Euler-Lagrange Equation has no solution?

Question

I've been asked to compute the Euler-Lagrange equation and second variation of the functional $$I[y]=\int_{a}^{b}(y'^2+y^4)dx$$ with boundary conditions $y(a)=\alpha$, $y(b)=\beta$. It's easy to see that $$I[y+\delta y]=I[y]+\int_{a}^{b}\delta y(4y^{3}-2y'') dx+\int_{a}^{b}(6y^{2}\delta y^{2}+\delta y'^{2})dx$$ So the Euler-Lagrange equation integrates to give $y^{4}-y'^{2}=k$, where $k$ is a constant of integration. We're then asked to solve this equation when $\alpha=\beta=0$. The equation is separable, but to my shame I can't do the integration (I think it involves special functions), so I looked for a different way. Completing the square on $I$ gives $$\int_{a}^{b}(y'^2+y^4)dx=\int_{a}^{b}(y'+y^2)^{2}dx-\int_{a}^{b}2y^{2}y'dx$$ But the final term is just $\left[\frac{2}{3}y^{3}\right]^{y=0}_{y=0}=0$, and the other two integrals are non-negative. The only way to extremise the RHS (I think) is to minimise it, and besides the second variation is non-negative, so we make the RHS zero by allowing $y'=-y^{2}$. But then the LHS forces both $y'=0$ and $y=0$ on all of $[a,b]$. Does this mean that the only solution is the zero function? Then, since $\delta^{2}I=\int_{a}^{b}\delta y'^{2}dx$, and this is positive unless $\delta y$ is constant (and hence $0$, by the boundary condition), do we have the zero function as the actual solution?

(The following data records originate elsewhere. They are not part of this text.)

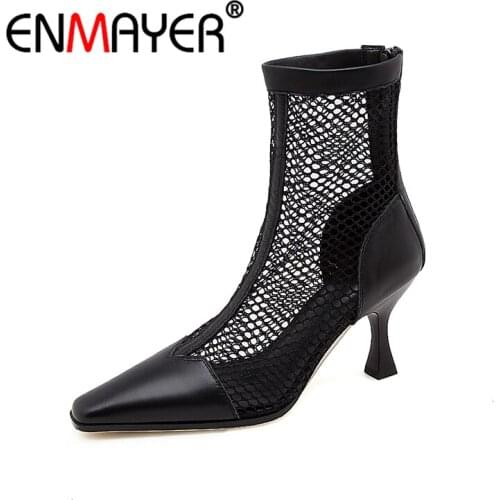 ENMAYER Womens Boots Square Toe High Heels Casual Fashion Shoes Winter Black Ankle Boots Thin heels Boots for female Sale CR680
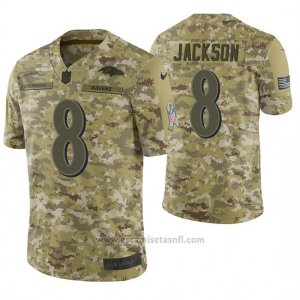 Camiseta NFL Limited Hombre Baltimore Ravens Lamar Jackson Camuflaje 2018 Salute To Service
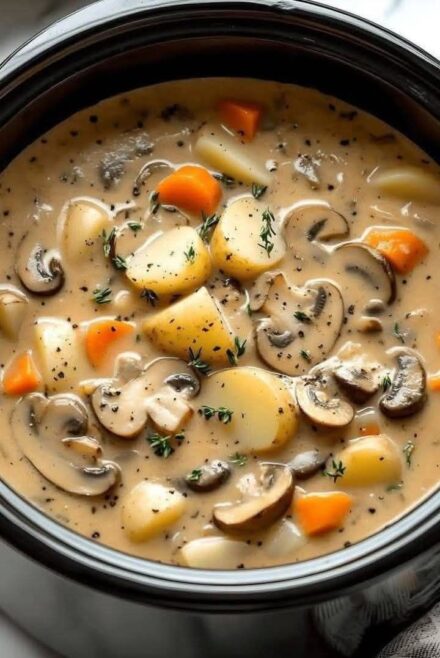Crockpot Mushroom and Potato Soup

Sorry if this sounds a little incoherent, when I started writing the answer I forgot to consider $y(x)=0$ and found the other solutions to $y'=-y^{2}$, which can't possibly satisfy the boundary conditions. In fact, looking at it now, I'm starting to think that even completing the square was unnecessary.

Answer 1

The Euler-Lagrange equation

$$y^4 - (y')^2 = k$$

is actually not too hard to solve once you know $y(a) = y(b) = 0$. Note that $y(a) = 0$ imply $k \le 0$. If $k=0$, then $(y')^2 = y^4$ and you can check that the only solution (using $y(a) =0$ and $y'' - 4y^3 = 0$) is $y(t) = 0$.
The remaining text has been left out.